Dataset —
══════════

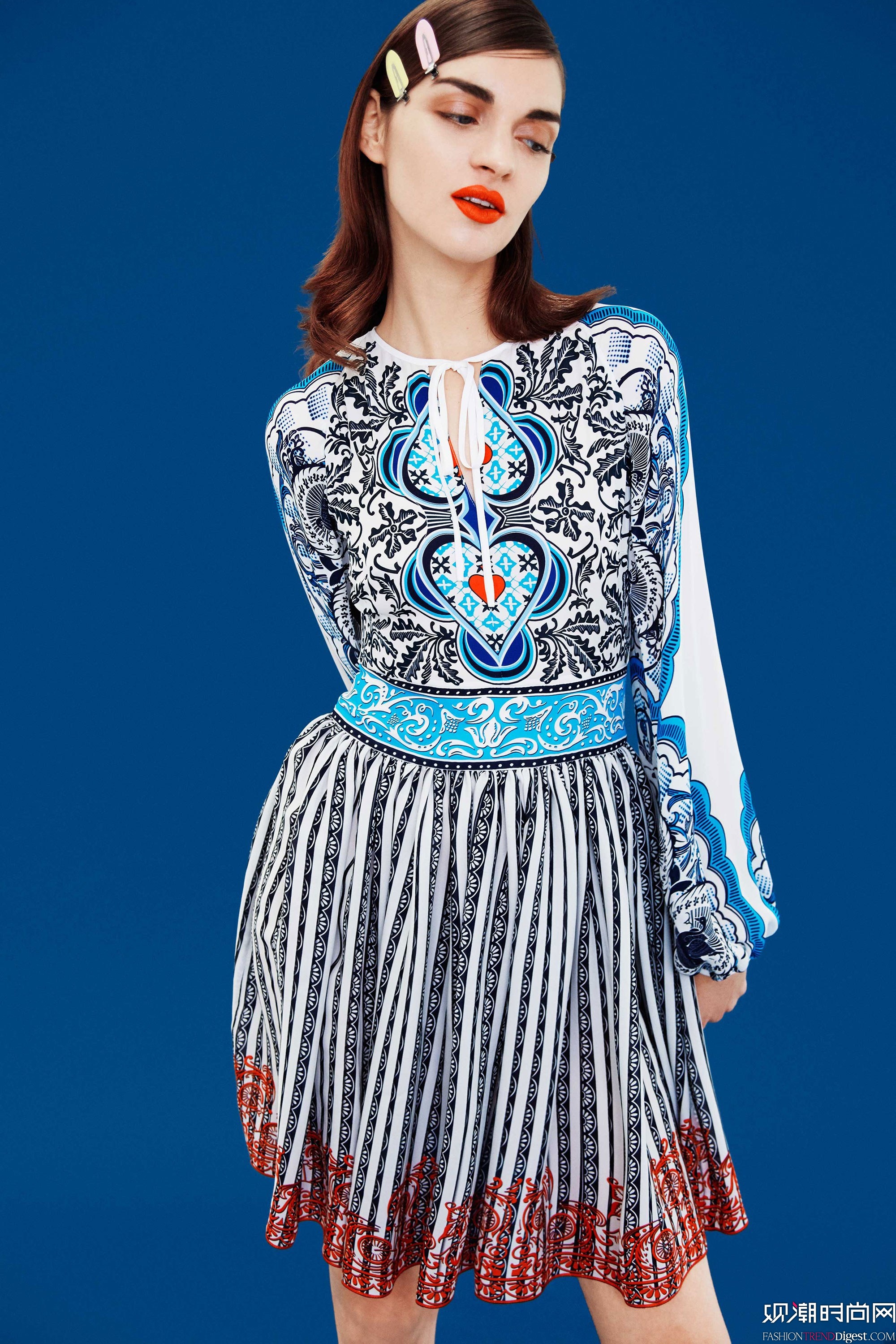 Mary Katrantzou 2017ϵLookBookͼƬ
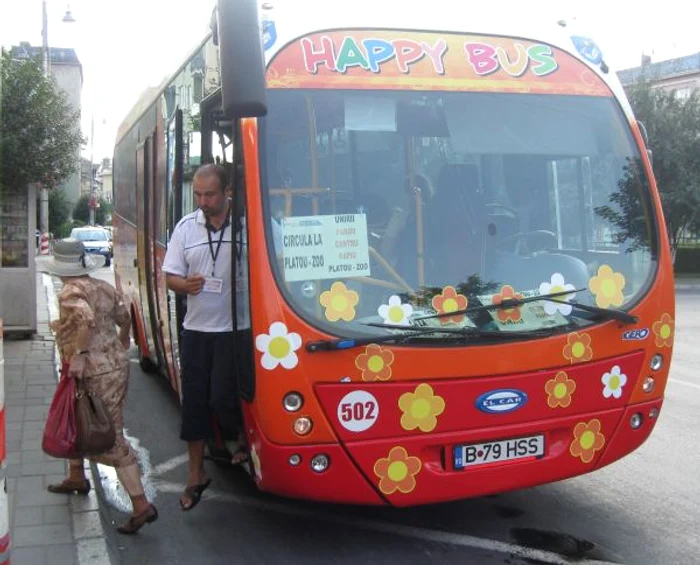 Autobuzul nu va circula în caz de vreme nefavorabilă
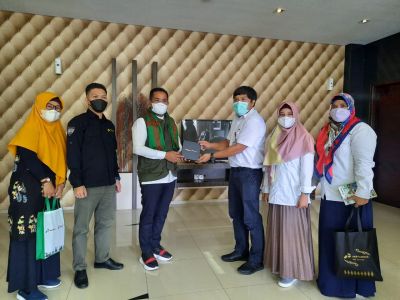 Field Manager PT Pertamina EP Lirik & Kampar Silaturahmi Dengan Bupati Pelalawan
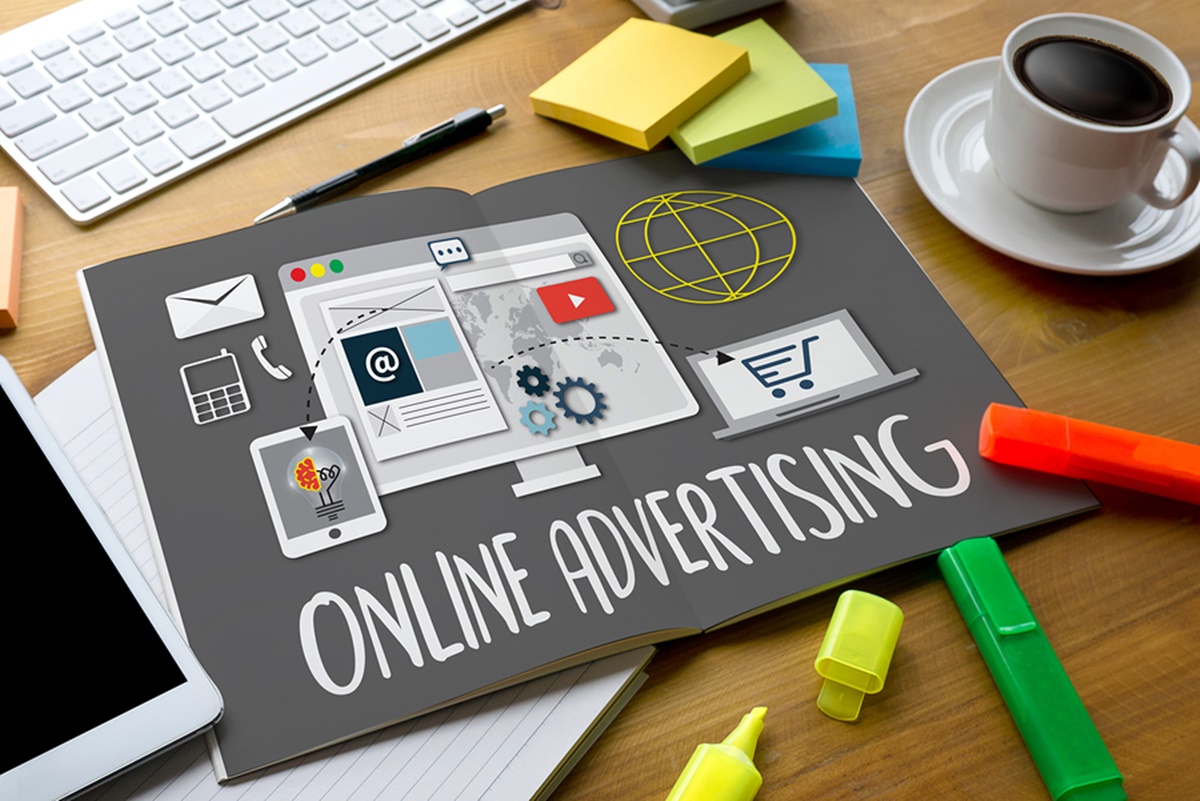 What is online advertising?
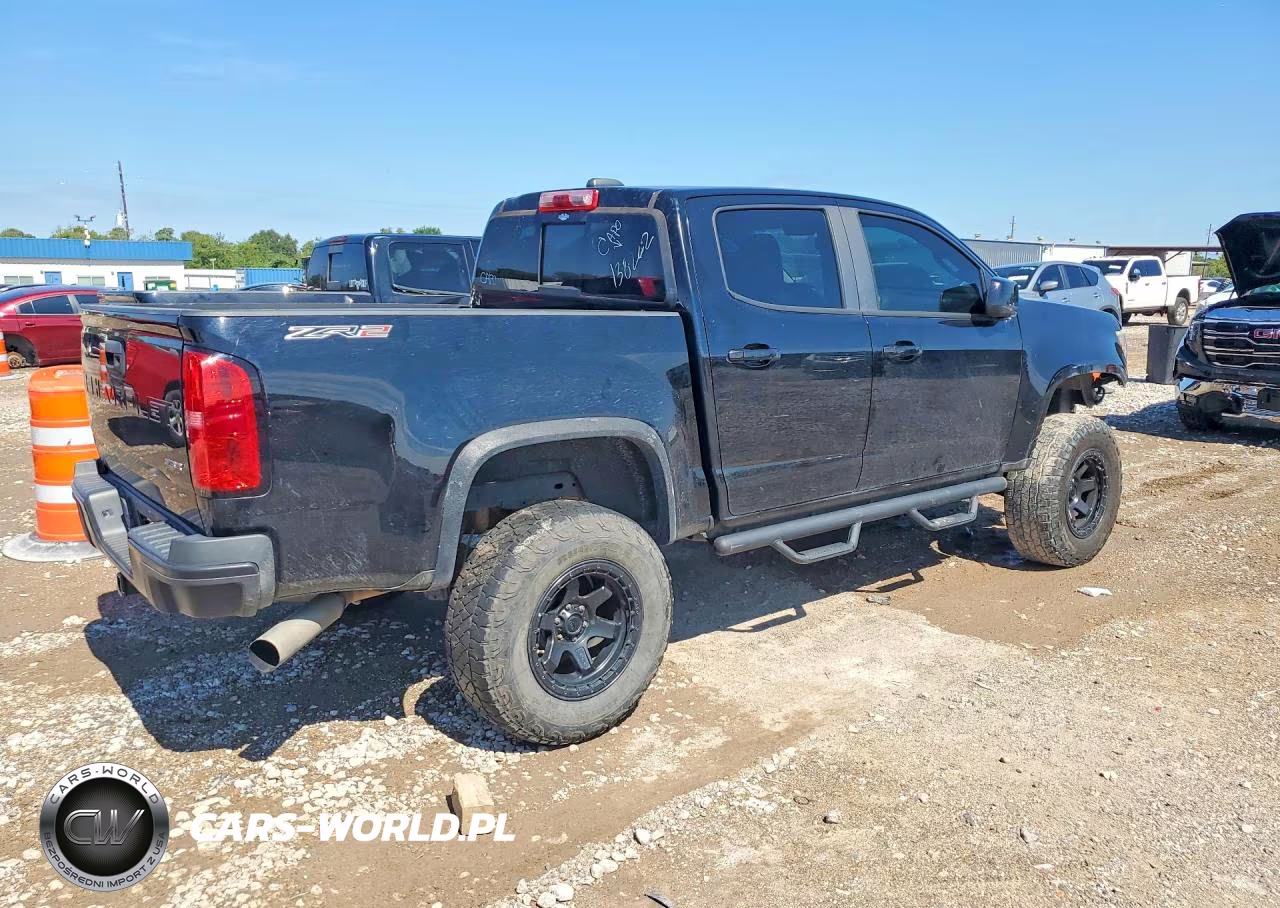 2021 Chevrolet Colorado Zr2 VIN:1GCPTEE19M1138222 - 3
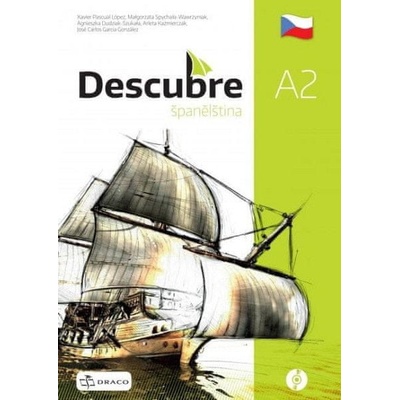 Descubre A2 - učebnica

══════════

Instructions to follow — Your task is to reproduce all of the material exactly. The pictures stay out.

Worked solution —
 Mary Katrantzou 2017ϵLookBookͼƬ
 Autobuzul nu va circula în caz de vreme nefavorabilă
 Field Manager PT Pertamina EP Lirik & Kampar Silaturahmi Dengan Bupati Pelalawan
 What is online advertising?
 2021 Chevrolet Colorado Zr2 VIN:1GCPTEE19M1138222 - 3
 Descubre A2 - učebnica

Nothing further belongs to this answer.